### SOURCE DATA
______________________________

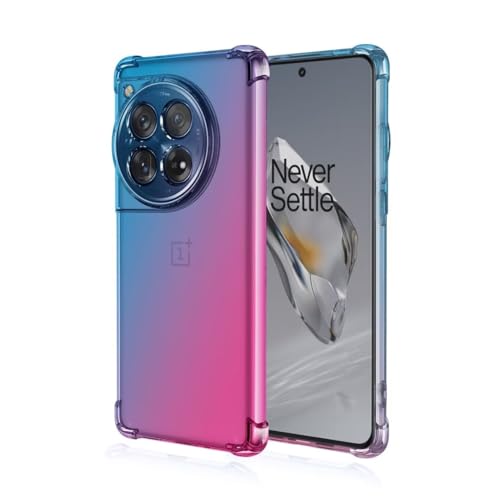 JIAFEI Hülle für OnePlus 12 Gradient Color Handyhülle TPU Gradient Dünn Schutzhülle Anti-Fall Handytasche Handy Case Kompatibel mit OnePlus 12, Blau/Rosa JIAFEI Hülle für OnePlus 12 Gradient Color Handyhülle TPU Gradient Dünn Schutzhülle Anti-Fall Handytasche Handy Case Kompatibel mit OnePlus 12, Blau/Rosa von JIAFEI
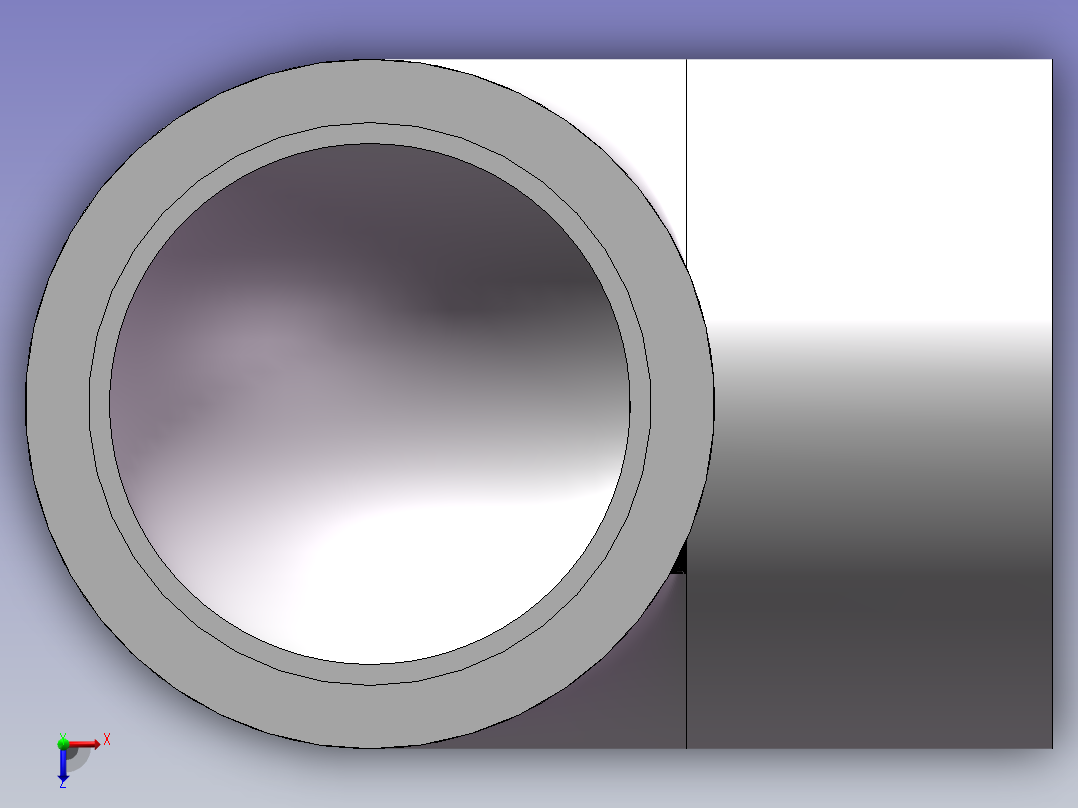 90_ELBOW_DN32_PN10_U-PVC俯视图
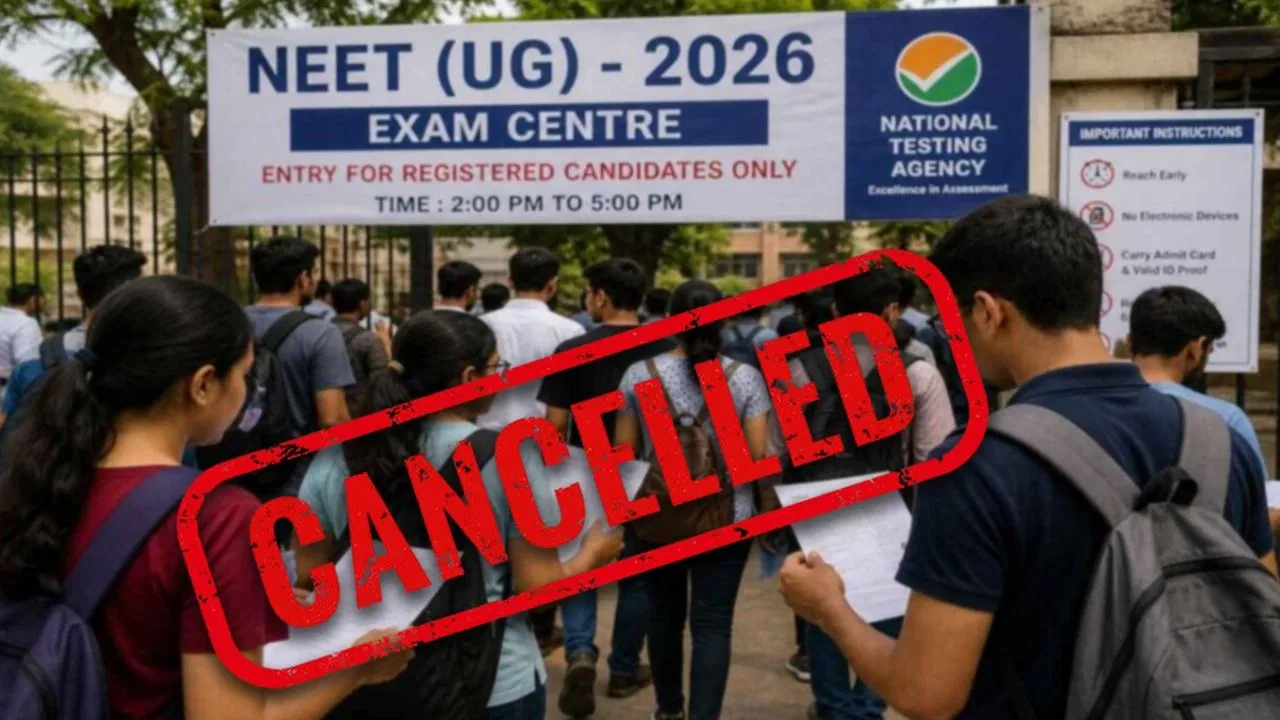 NEET UG 2026: पेपर लीक विवाद के बीच परीक्षा रद्द, मामले की जांच CBI को सौंपी जाएगी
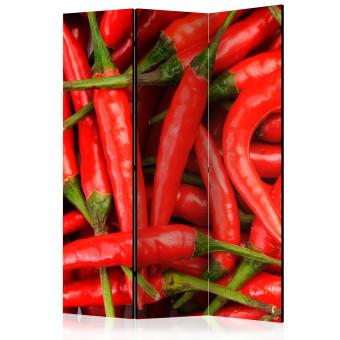 Biombo decorativo Chili pepper - background [Room Dividers]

______________________________

### WORK ORDER
Beginning at the first line of the listing, print each line exactly until and including the one that has "90_ELBOW_DN32_PN10_U-PVC俯视图"; skip pictures.

### TASK RESULT
 JIAFEI Hülle für OnePlus 12 Gradient Color Handyhülle TPU Gradient Dünn Schutzhülle Anti-Fall Handytasche Handy Case Kompatibel mit OnePlus 12, Blau/Rosa JIAFEI Hülle für OnePlus 12 Gradient Color Handyhülle TPU Gradient Dünn Schutzhülle Anti-Fall Handytasche Handy Case Kompatibel mit OnePlus 12, Blau/Rosa von JIAFEI
 90_ELBOW_DN32_PN10_U-PVC俯视图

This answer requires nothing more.